# ensegment

This task uses simple word counts to segment strings into the most likely sequence of words.

#### The score reachs 1.00 for dev.txt, 0.97 for test.txt respectively.

## Data Preparation
To check the results of input "data/input/test.txt", we have manually segmented the string in "data/reference/test.out" as a reference.

## Dev Input

This part sets dev.txt as input and prints out the segmentation result. First, import segmentation and support functions:

In [3]:
from ensegment import * 

Then define token number, instantiate class Pdist and Segment, print out the segmented results:

In [4]:
N = 1024908267229
Pw = Pdist(data=datafile("../data/count_1w.txt", sep='\t'),N=N, missingfn = reduce_probability_for_long_word)
segmenter = Segment(Pw)
with open("../data/input/dev.txt") as f:
    for line in f:
        print(" ".join(segmenter.segment(line.strip())))

choose spain
this is a test
who represents
experts exchange
speed of art
un climate change body
we are the people
mention your faves
now playing
the walking dead
follow me
we are the people
mention your faves
check domain
big rock
name cheap
apple domains
honesty hour
being human
follow back
social media
30 seconds to earth
current rate sought to go down
this is insane
what is my name
is it time
let us go
me too
now thatcher is dead
advice for young journalists


#### According to check.py, the score is 1.00

## Test Input

This part sets test.txt as input and prints out the segmentation result.

In [5]:
N = 1024908267229
Pw = Pdist(data=datafile("../data/count_1w.txt", sep='\t'),N=N, missingfn = reduce_probability_for_long_word)
segmenter = Segment(Pw)
with open("../data/input/test.txt") as f:
    for line in f:
        print(" ".join(segmenter.segment(line.strip())))

how to breakup in 5 words
what makes god smile
10 people who mean alot to me
worst day in 4 words
love story in 5 words
top 3 favourite comics
10 breakup lines
things that make you smile
best female athlete
worst boss in 5 words
now is the time for all good
it is a truth universally acknowledged
when in the course of human events it becomes necessary
it was a bright cold day in april and the clocks were striking thirteen
it was the best of times it was the worst of times it was the age of wisdom it was the age of foolishness
as gregor samsa awoke one morning from uneasy dreams he found himself transformed in his bed into a gigantic insect
in a hole in the ground there lived a hobbit not a nasty dirty wet hole filled with the ends of worms and an oozy smell nor yet a dry bare sandy hole with nothing in it to sitdown on or to eat it was a hobbit hole and that means comfort
far out in the uncharted backwaters of the unfashionable end of the western spiral arm of the galaxy lies a small un

#### According to check.py, the score is 0.97

## Analysis



Before reaching the final score as shown above, we have tried the default solution and an improved solution as well. After analyzing the output of the previous solutions, a final solution is then introduced. 

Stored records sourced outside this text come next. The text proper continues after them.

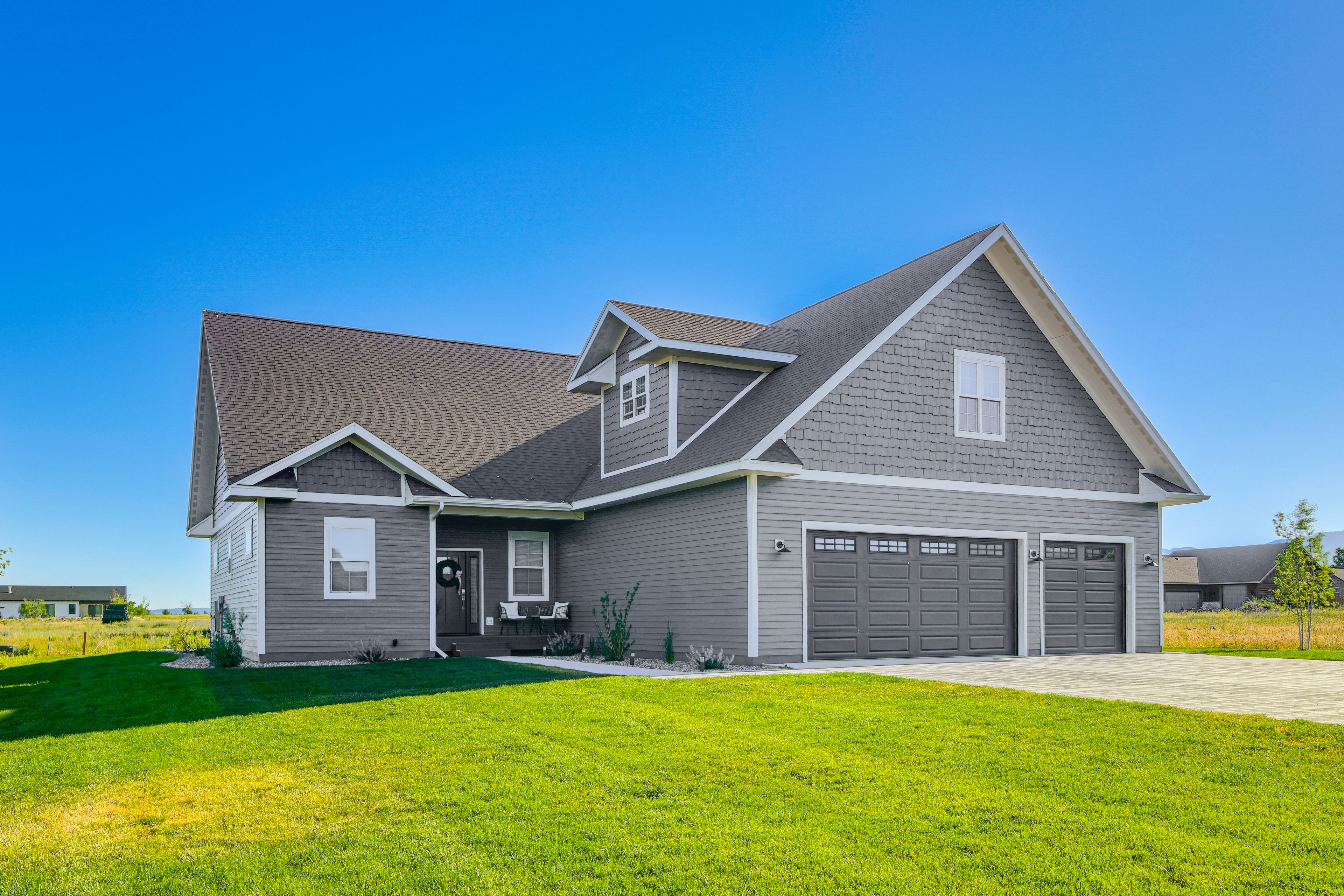 Property Exterior/Yard | Mountain View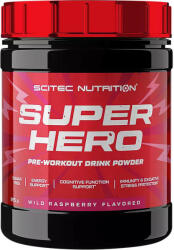 Scitec Nutrition Superhero (285 g, Fructe de Pădure)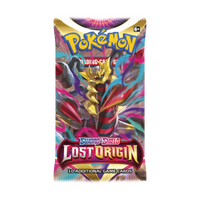 Lost Origin Booster Pack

### 1. The Defaut Solution

Below lists the segmented output given by the default solution for dev.txt:

#### According to check.py, the score is 0.82 for dev.txt

As shown above, most strings with 2 words are segmented correctly, but long strings like "unclimatechangebody", "mentionyourfaves", "30secondstoearth" remains unsegmented due to the reason that the product of the P(w) of possible segemented words (e.g. "un", "climate"," "change", "body") is less than the probabilty of a unseen word like "mentionyourfaves", which is 1/N given by the default solution. 

The same issue occurs with input test.txt,  below is the segmentation given by default solution for test.txt:

#### According to check.py, the score is 0.13 for test.txt

To tackle this issue, we have to decrease the probability of unseen words. In addition, with the length of the unseen words growing, like in "top3favouritecomics", some words that do exist in the Corpus will be included in the unseen word, which decreases the chance of finding the right segmentation. So, instead of giving every unseen word the same probabilty, we decrease of the probability of an unseen word according to the length of the word, which leads to the improved solution. 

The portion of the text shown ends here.